• [DIRECTIONS FOR THIS TASK] Each line of the listing, apart from the pictures, is to be printed exactly.

::: INPUT DATA :::

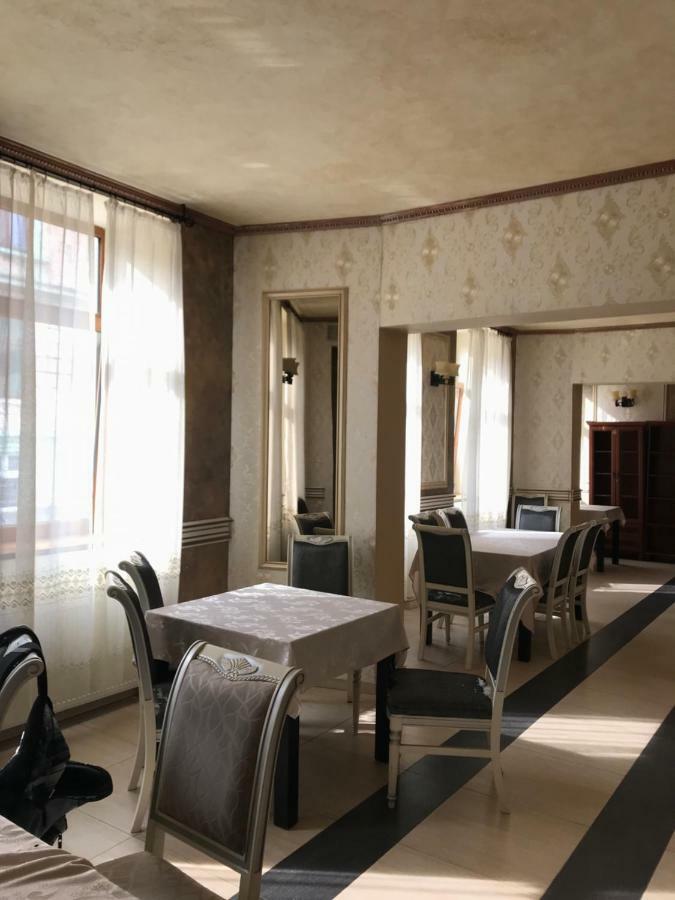 Hotel Cosmin Arad Kültér fotó
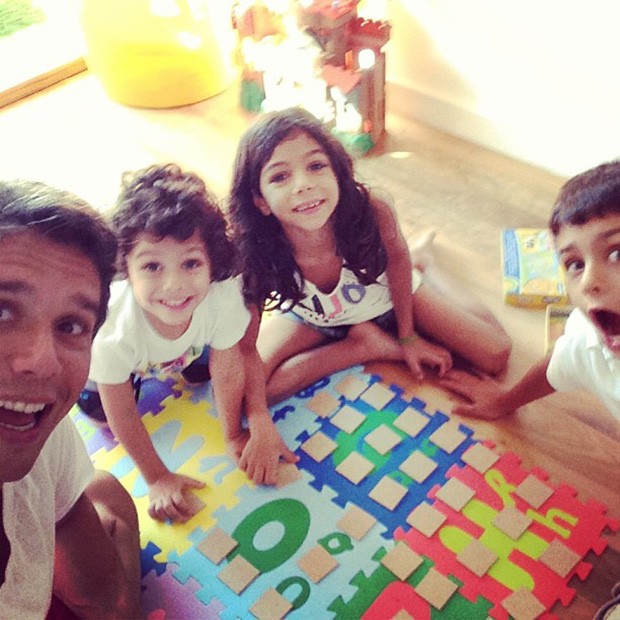 Márcio Garcia com os filhos (Foto: Instagram / Reprodução)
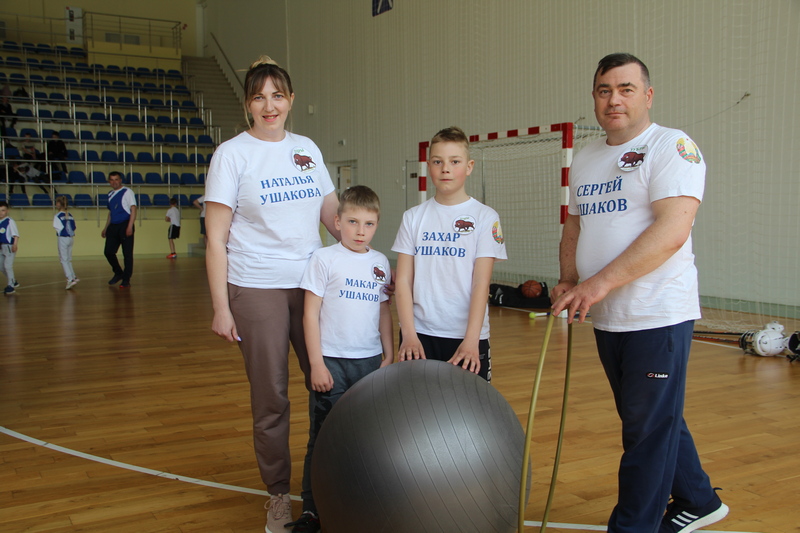 Накануне Международного дня семьи в Костюковичах прошла районная спортландия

:::

• [SOLUTION FOR THIS EXERCISE]
 Hotel Cosmin Arad Kültér fotó
 Márcio Garcia com os filhos (Foto: Instagram / Reprodução)
 Накануне Международного дня семьи в Костюковичах прошла районная спортландия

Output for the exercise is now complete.